Penulis: I Komang Agus Aryanta | Editor: Widyartha Suryawan
TRIBUN-BALI.COM, MANGUPURA - Meski kini sudah memasuki era global, namun Sekaa Teruna Watugunung Banjar Ume Gunung, Kelurahan Sempidi, Kecamatan Mengwi Kabupaten Badung tetap menjaga tradisi dan budayanya.
Dalam upaya menjaga tradisi, saat menggelar Hari Ulang Tahun (HUT) ke-60, ST Watugunung menggelar lomba mebat antar anggota.
Seluruh anggota pun dilibatkan dalam lomba ini. Mereka dikelompokkan menjadi empat untuk mengikuti lomba ngelawar tersebut.
"Pembagian kelompok kita random sehingga merata karena setiap kelompok terdiri dari lelaki dan perempuan," ujar Ketua Sekaa Teruna periode 2016-2019, Putu Resya Adi Saputra.
Resya mengatakan lomba yang dilaksanakan untuk menjaga dan melestarikan budaya Bali. Menurutnya semua anggota sangat antusias mengikuti lomba tersebut.
"Di Bali identik dengan lawar. Sebagai generasi muda, kita pasti akan melakukan hal tersebut. Selain untuk makanan, lawar itu juga digunakan untuk persembahan saat adanya piodalan," ungkapnya.
Pada pelaksaan lomba itu, pihaknya mendatangkan juri profesional hotel dan panitia khusus memasak (mebat) di banjar sejumlah 3 orang.
Daging yang diolah pun merupakan daging babi yang umum dimasak oleh masyarakat Bali.
"Untuk pembuatan lawarnya, kami khususkan pembuatan lawarnya, yakni lawar merah dan lawar isi," jelasnya.
Selain melihat sajian dan rasa lawar, proses pembuatan juga dilihat seperti halnya memotong daging, mempersiapkan bumbu, dan yang lainnya.
Pasalnya pemotongan daging dalam membuat lawar berbeda, yakni dengan cara mempelajari cara metektekan (memotong).
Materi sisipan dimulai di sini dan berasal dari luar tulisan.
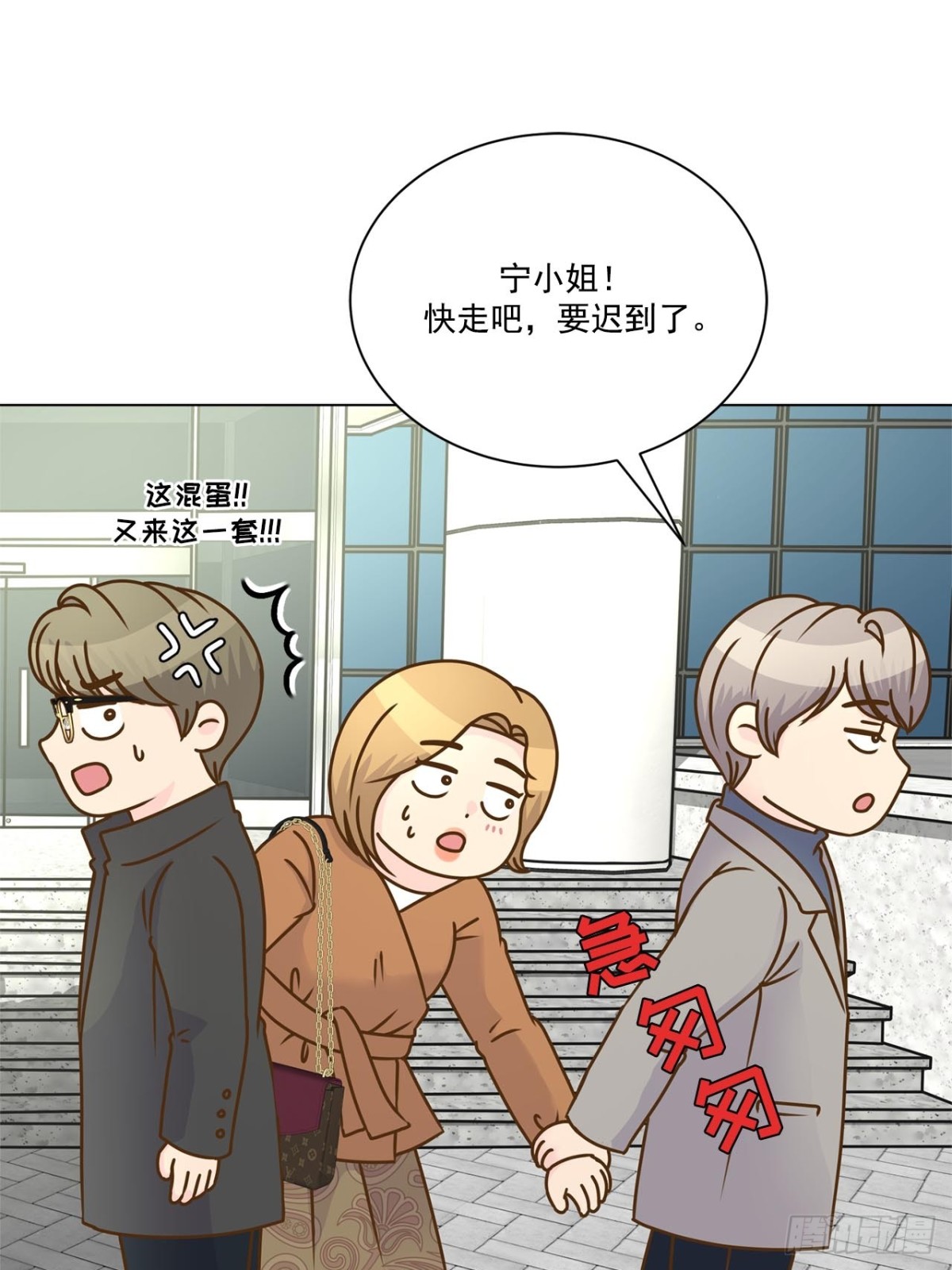第63话-第64话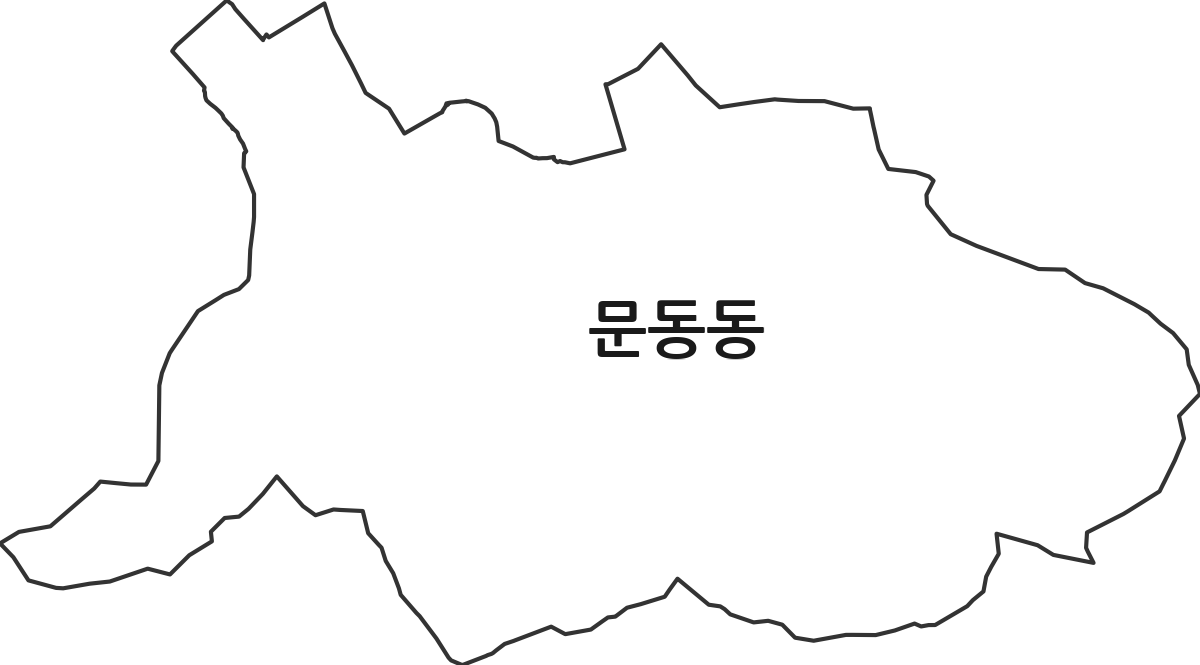 경상남도 거제시 문동동 법정동 행정구역 경계 지도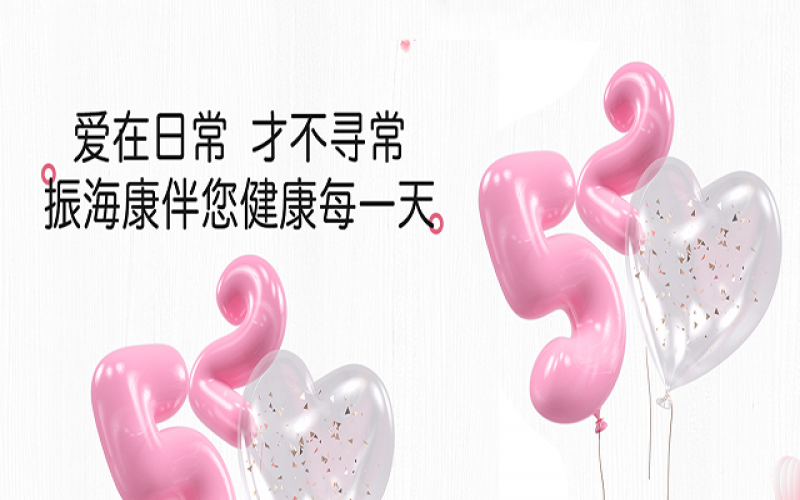 520限制-你的礼物，，我来帮你挑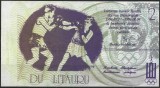 !!! RARR : LITUANIA , COMITETUL OLIMPIC - 2 LITAURU 1991 - UNC / CEA DIN SCAN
"Semua ini menurut kami adalah proses sehingga kelak ke depan generasi muda menjadi masyarakat Bali yang tulen, yang tahu akan tradisi budaya yang ada dan tidak mengurangi budaya yang dimiliki," ungkapnya.
Selain mengadakan lomba ngelawar, hasil olahan lawar yang dilombakan juga dimakan bersama oleh seluruh anggota.

Bahkan makan bersama yang kerap disebut megibung ini juga dilakukan untuk mempererat rasa menyama braya.
"Hasil olahan lawar itu kita adakan megibung bersama seluruh Sekaa Teruna Watugunung," pungkasnya.